*** Excerpted records ***

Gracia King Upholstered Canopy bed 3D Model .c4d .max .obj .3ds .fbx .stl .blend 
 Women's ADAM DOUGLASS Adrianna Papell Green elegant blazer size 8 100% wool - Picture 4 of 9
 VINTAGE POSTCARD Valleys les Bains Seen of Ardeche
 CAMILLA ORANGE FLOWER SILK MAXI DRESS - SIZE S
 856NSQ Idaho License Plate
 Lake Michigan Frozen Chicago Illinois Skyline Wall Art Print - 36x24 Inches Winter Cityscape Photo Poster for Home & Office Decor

*** End of Excerpted records ***

#### [What to produce]
Your output must contain exactly the lines from the one containing "CAMILLA ORANGE FLOWER" to the final line of the data above, and no other text.

#### [Response for this exercise]
 CAMILLA ORANGE FLOWER SILK MAXI DRESS - SIZE S
 856NSQ Idaho License Plate
 Lake Michigan Frozen Chicago Illinois Skyline Wall Art Print - 36x24 Inches Winter Cityscape Photo Poster for Home & Office Decor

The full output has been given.